Items from a data source:
____
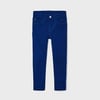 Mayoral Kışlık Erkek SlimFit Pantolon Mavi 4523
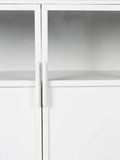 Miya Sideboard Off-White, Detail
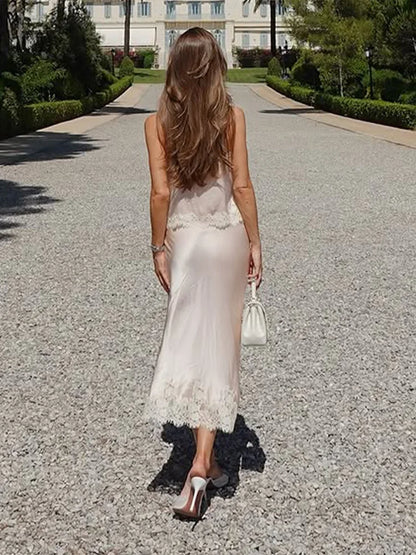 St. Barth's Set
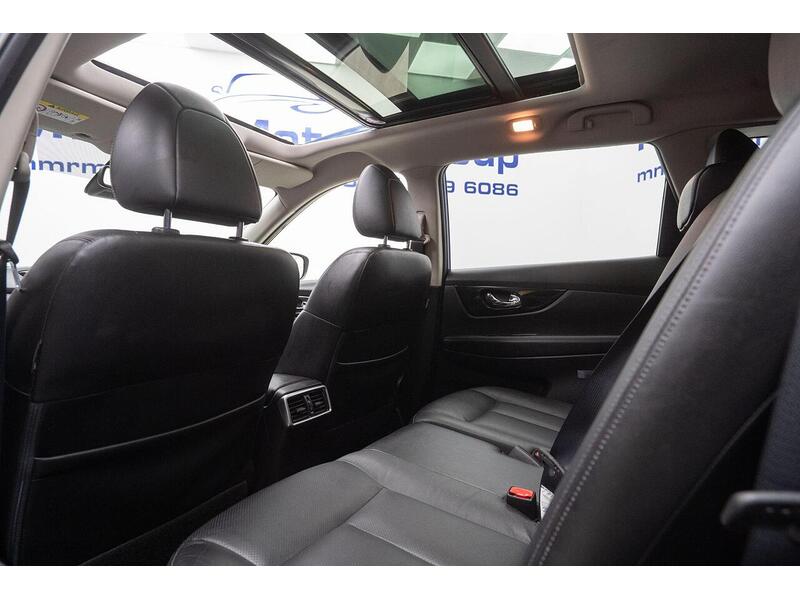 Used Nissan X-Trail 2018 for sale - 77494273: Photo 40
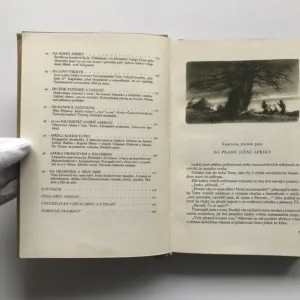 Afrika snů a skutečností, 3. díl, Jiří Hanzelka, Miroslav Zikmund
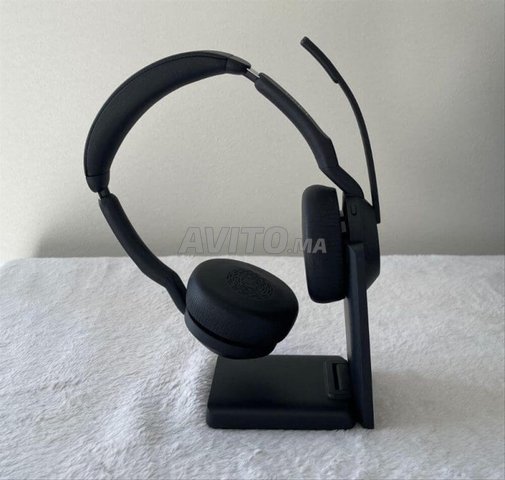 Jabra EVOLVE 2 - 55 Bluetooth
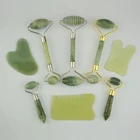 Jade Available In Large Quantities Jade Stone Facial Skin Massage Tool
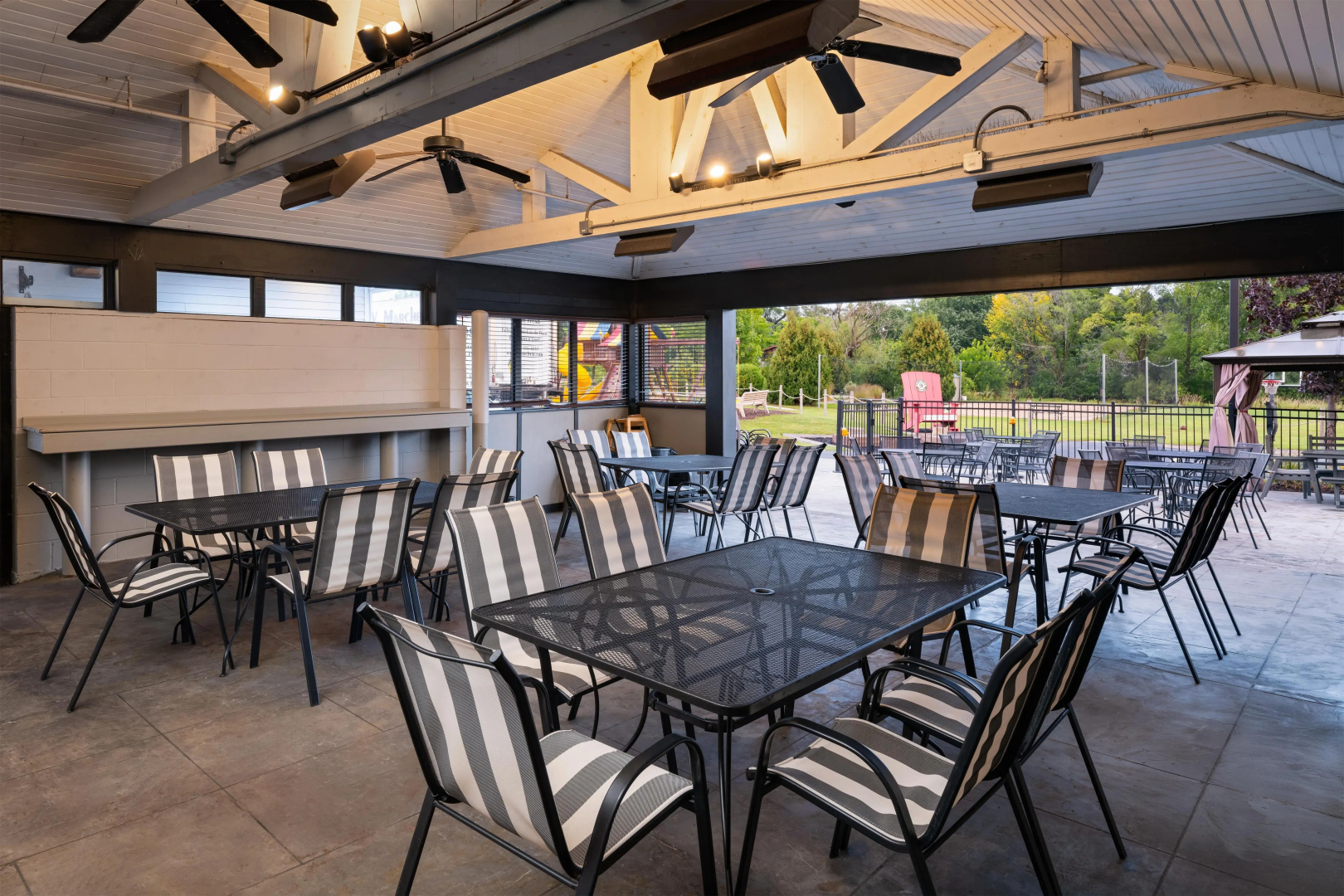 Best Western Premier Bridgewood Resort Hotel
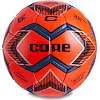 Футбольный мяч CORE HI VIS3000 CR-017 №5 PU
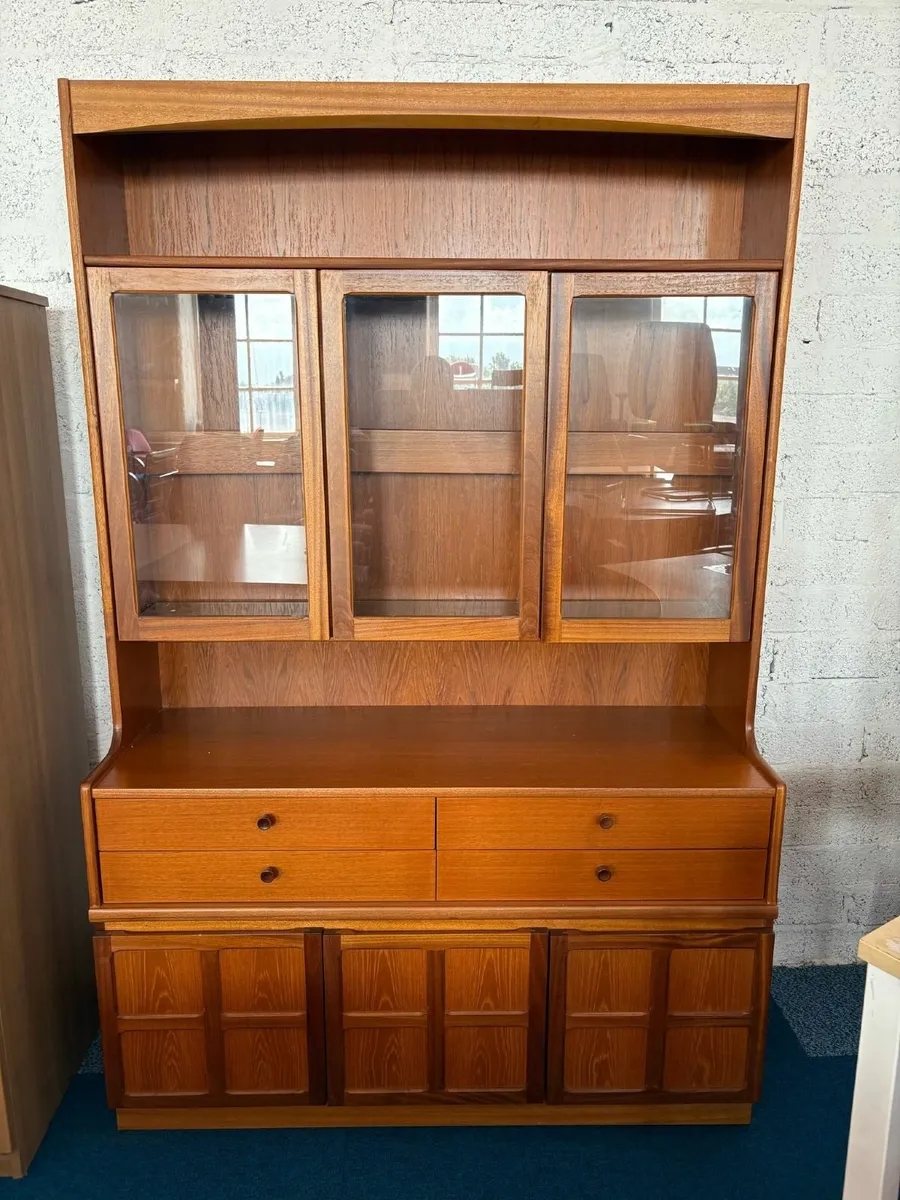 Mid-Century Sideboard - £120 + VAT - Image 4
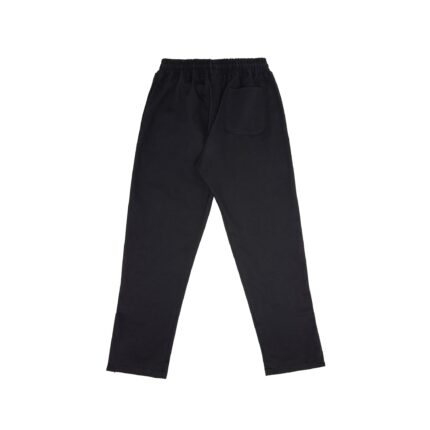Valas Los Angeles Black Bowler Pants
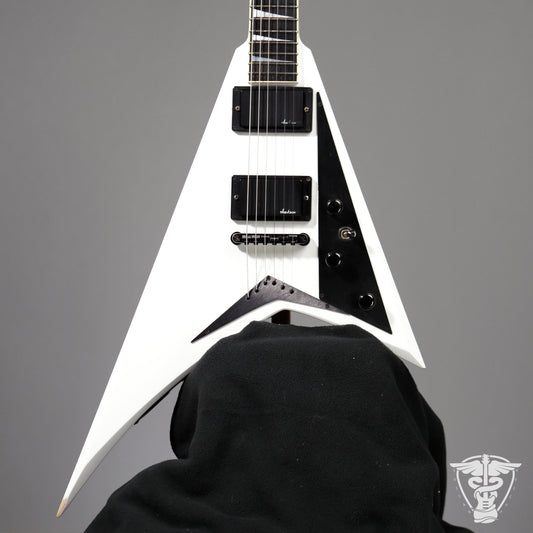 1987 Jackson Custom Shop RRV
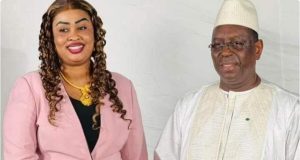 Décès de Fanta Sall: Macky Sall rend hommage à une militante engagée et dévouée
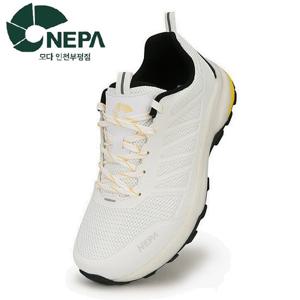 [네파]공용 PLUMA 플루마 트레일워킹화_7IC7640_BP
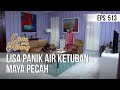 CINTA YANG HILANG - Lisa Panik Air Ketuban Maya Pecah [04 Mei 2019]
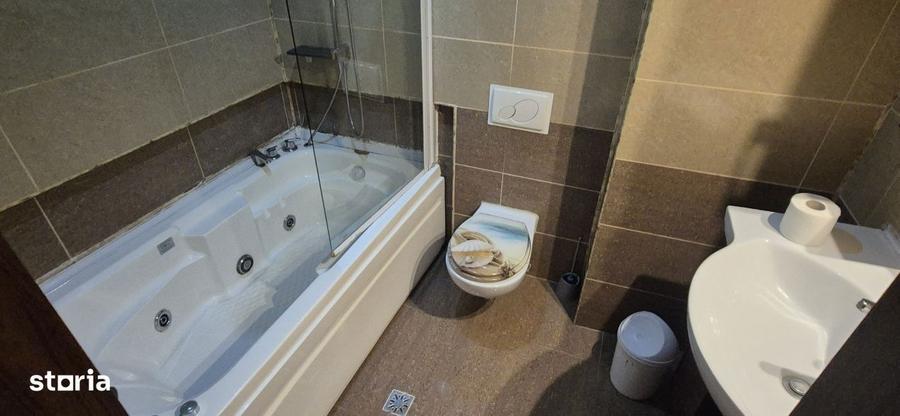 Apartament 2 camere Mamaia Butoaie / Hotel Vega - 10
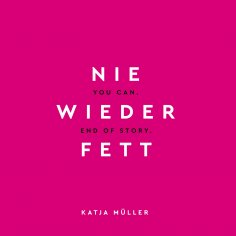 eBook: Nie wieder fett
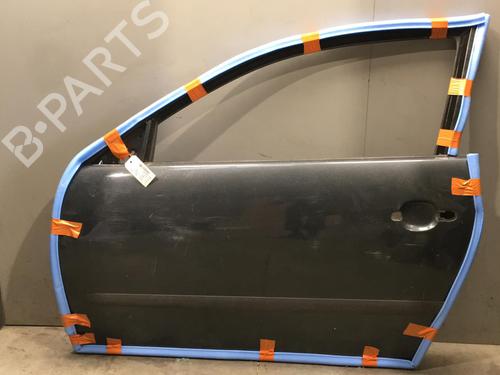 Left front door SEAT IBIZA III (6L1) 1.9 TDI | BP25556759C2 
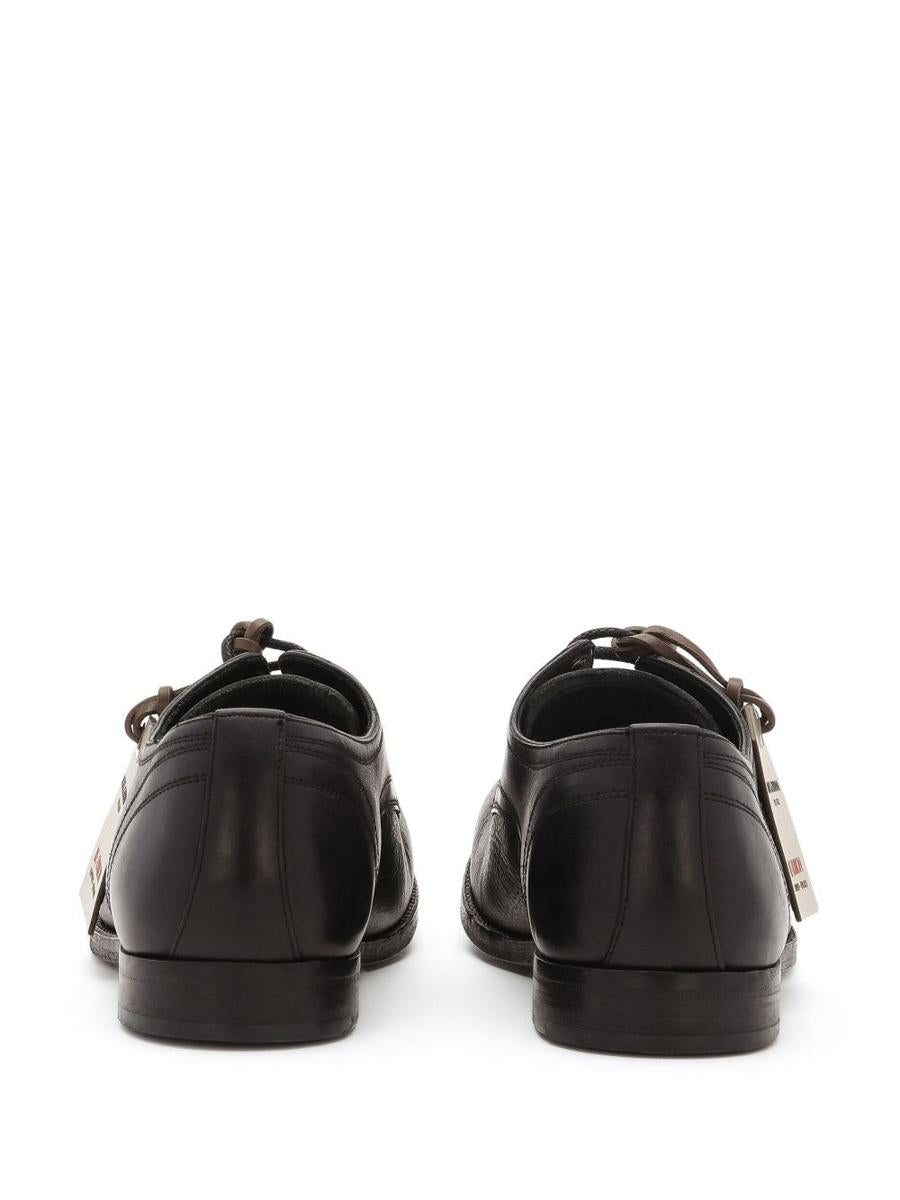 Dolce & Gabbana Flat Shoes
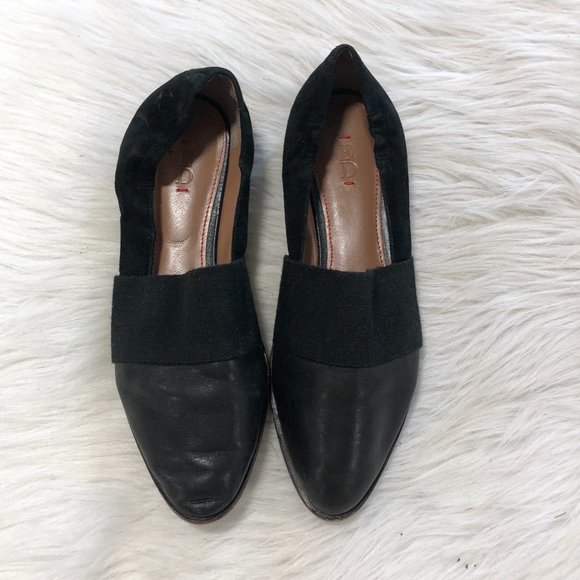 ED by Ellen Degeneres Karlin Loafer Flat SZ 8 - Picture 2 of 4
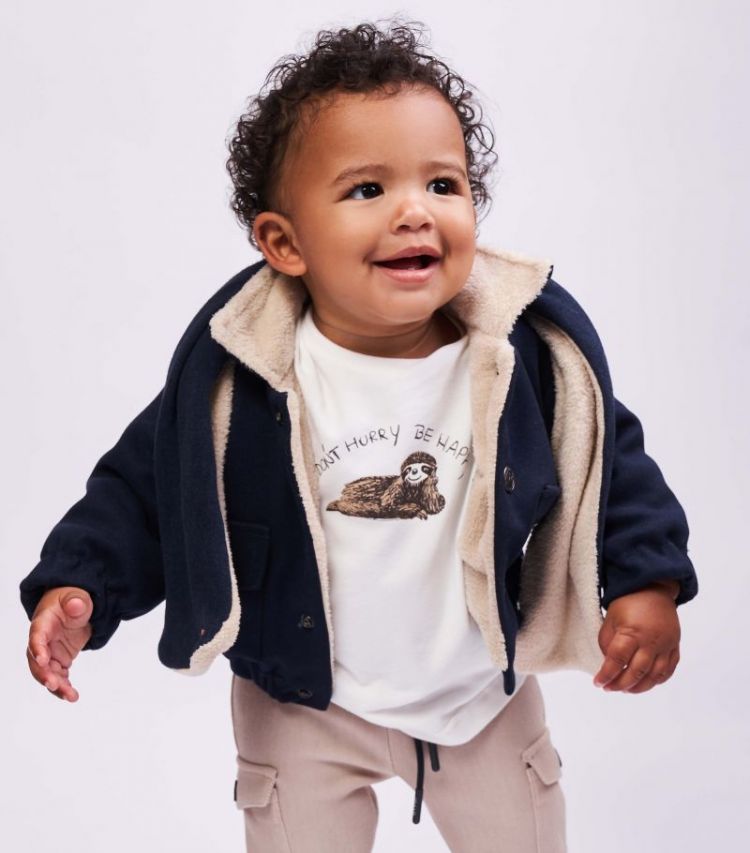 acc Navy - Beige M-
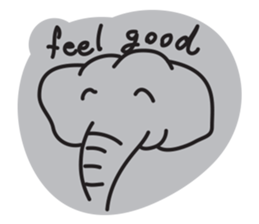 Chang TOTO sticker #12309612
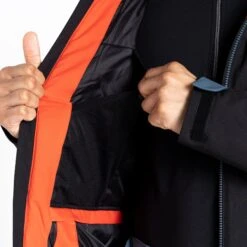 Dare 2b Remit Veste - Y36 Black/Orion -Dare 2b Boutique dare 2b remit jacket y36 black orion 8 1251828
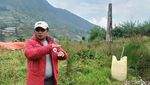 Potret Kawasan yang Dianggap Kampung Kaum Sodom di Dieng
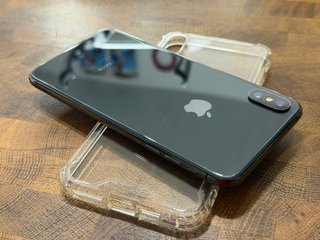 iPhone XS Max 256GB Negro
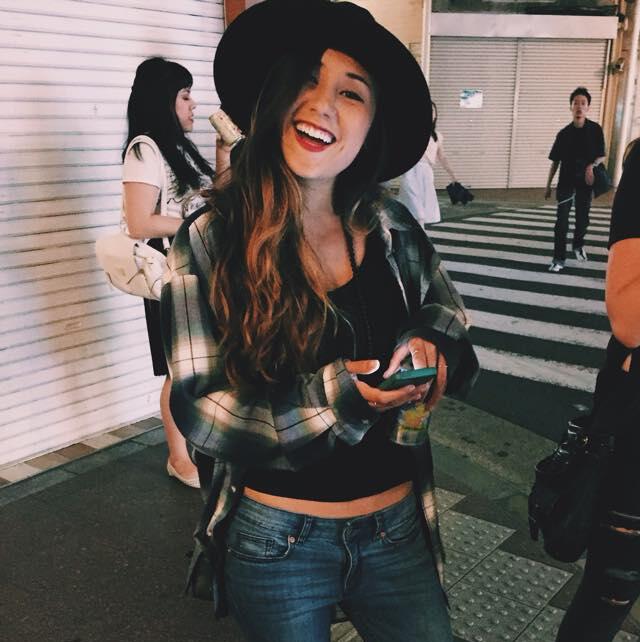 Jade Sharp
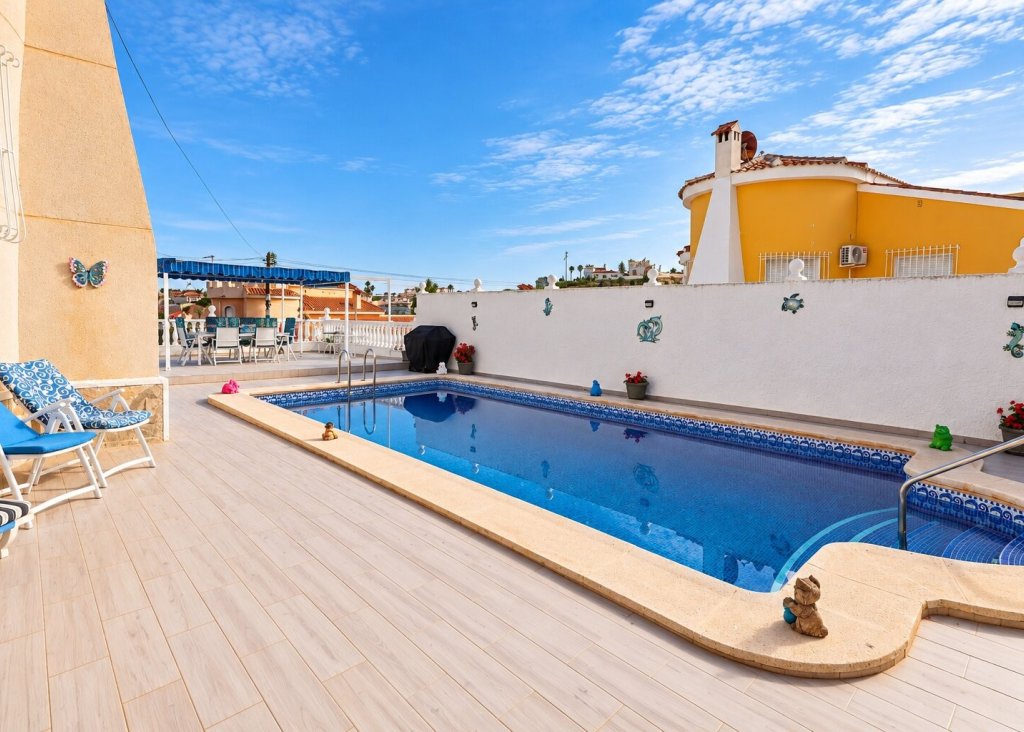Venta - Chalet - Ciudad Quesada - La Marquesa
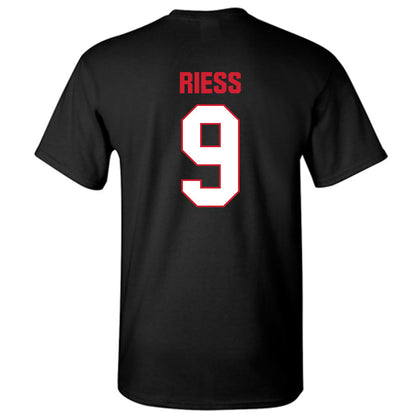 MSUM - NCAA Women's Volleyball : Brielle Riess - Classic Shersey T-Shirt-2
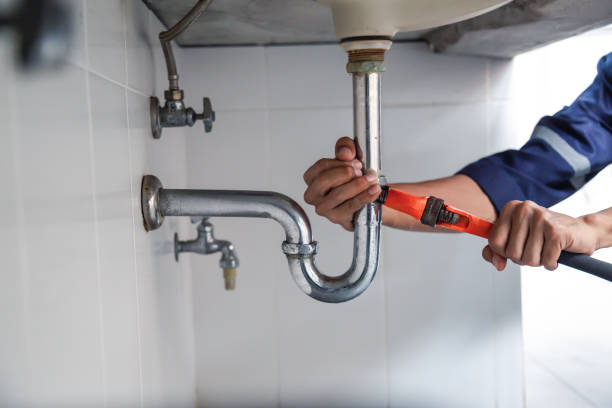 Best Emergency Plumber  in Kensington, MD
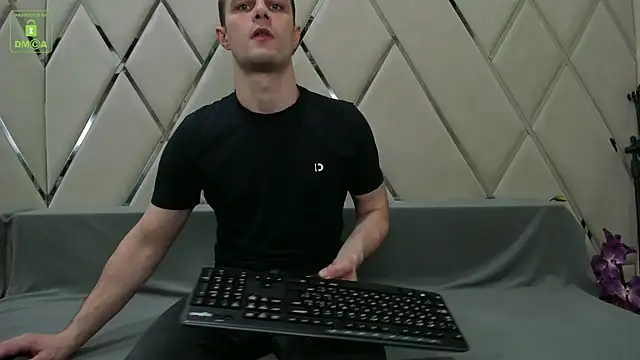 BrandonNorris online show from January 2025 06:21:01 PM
____
TASK REQUIREMENTS: Nothing but the lines from the one holding "Best Emergency Plumber" through the final line of the records above belongs in the answer, each retyped exactly; omit the pictures.

FINAL ANSWER:
 Best Emergency Plumber  in Kensington, MD
 BrandonNorris online show from January 2025 06:21:01 PM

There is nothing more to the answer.